WORK ORDER.
Skip the pictures and return every entry exactly as written.

Image-caption web data
================
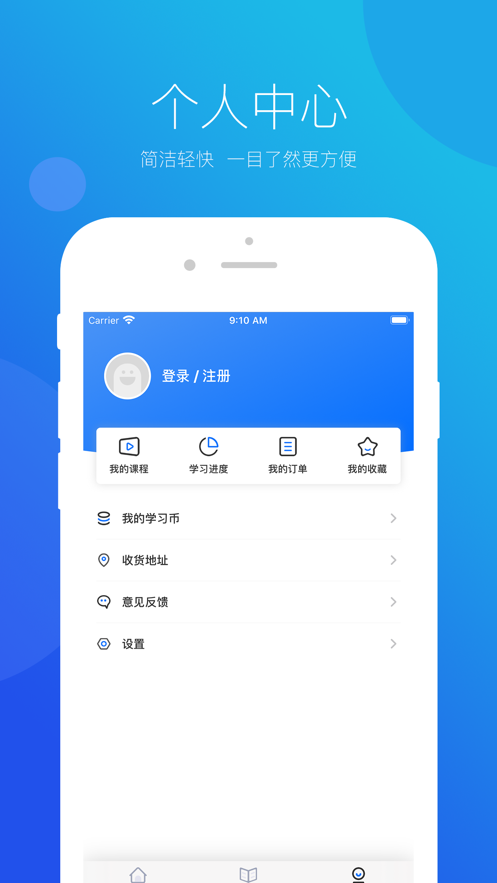 思鸿网校app v1.2.40
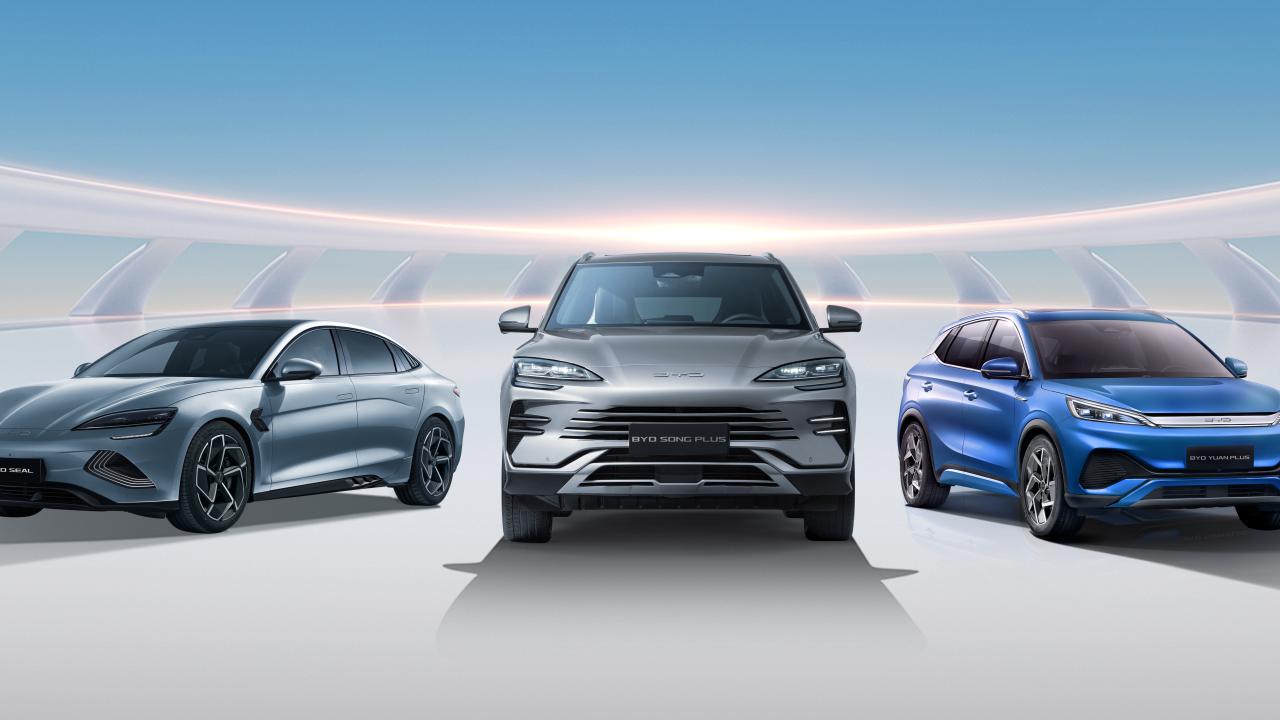 BYD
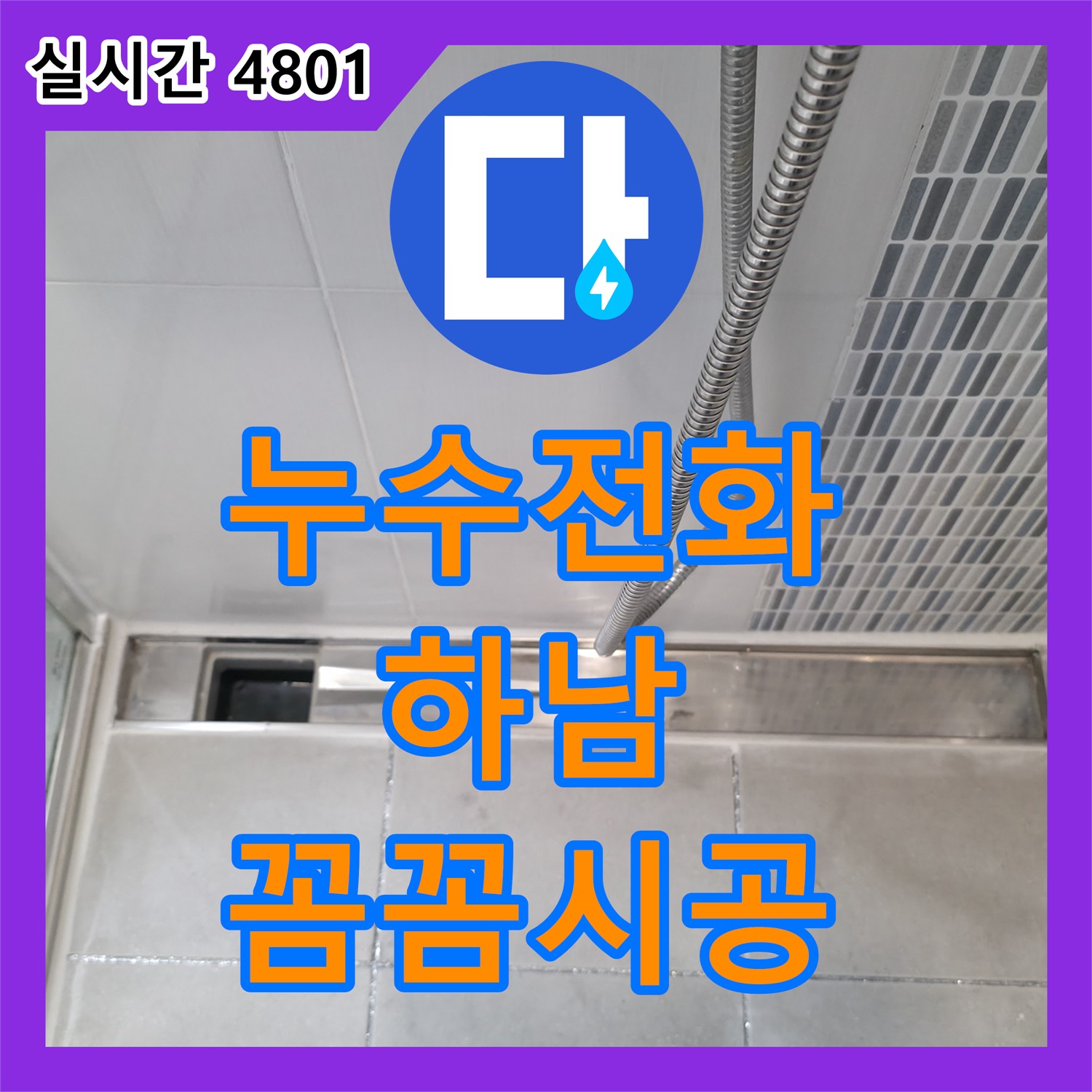 긴급 누수전화, 하남시 선동 건물 누수탐지 및 완벽 해결 사례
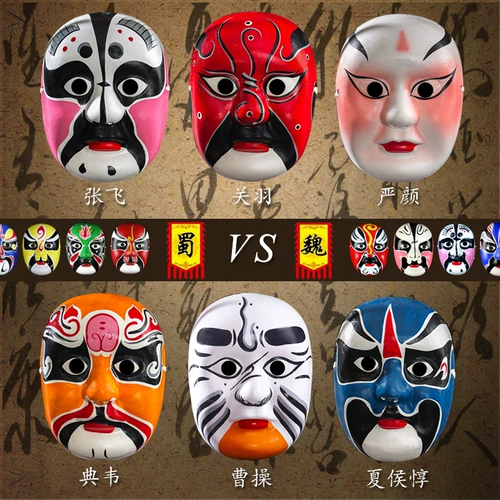Peking Opera Mas Mask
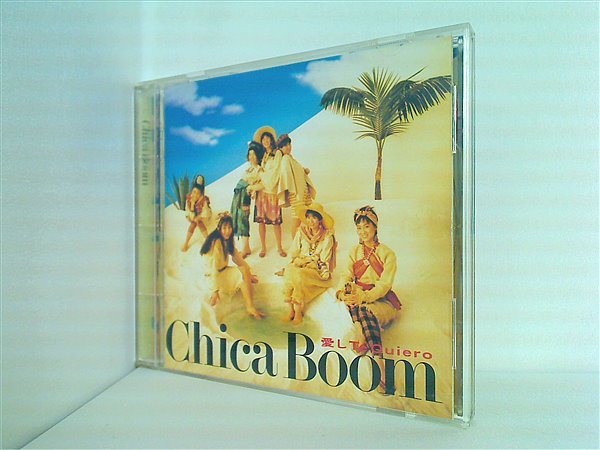 Amazon.co.jp: 愛しTe Quiero‾Chica Boom2: ミュージック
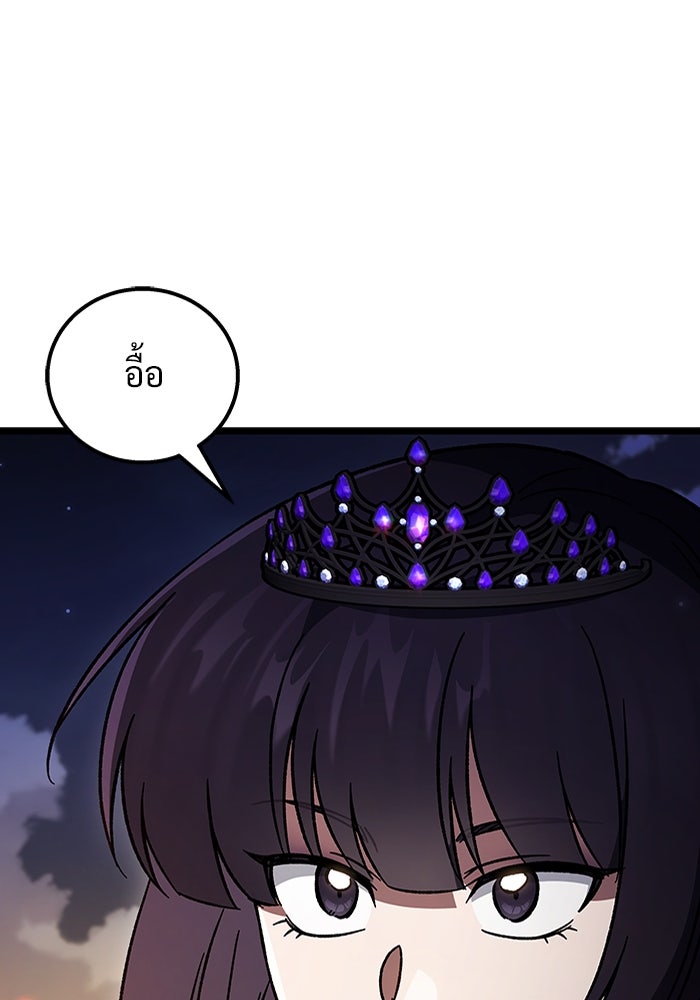เจ้าหญิงเพลิงกาฬเลเวล 99 - หน้า 128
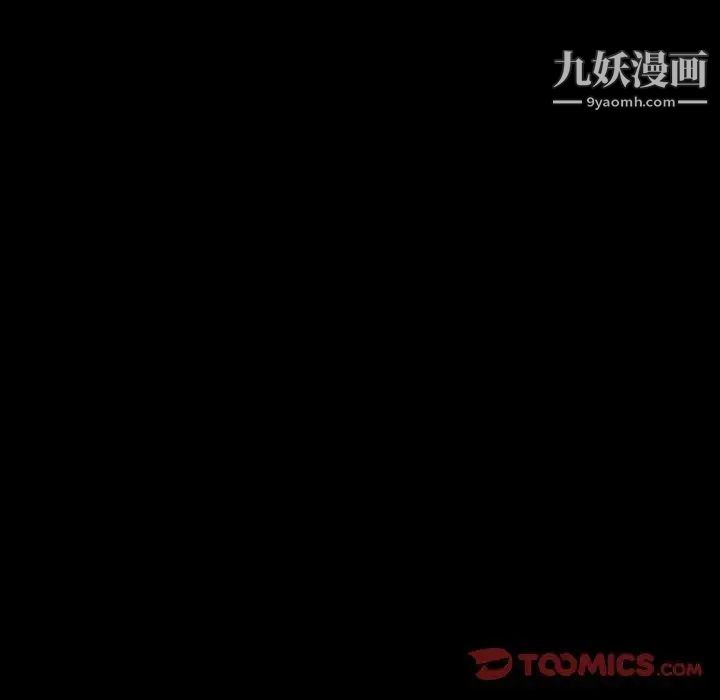《蜜毒》漫画 第44話-最終話（完结）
================
SOLUTION TO THE PROBLEM.
 思鸿网校app v1.2.40
 BYD
 긴급 누수전화, 하남시 선동 건물 누수탐지 및 완벽 해결 사례
Peking Opera Mas Mask
 Amazon.co.jp: 愛しTe Quiero‾Chica Boom2: ミュージック
เจ้าหญิงเพลิงกาฬเลเวล 99 - หน้า 128
《蜜毒》漫画 第44話-最終話（完结）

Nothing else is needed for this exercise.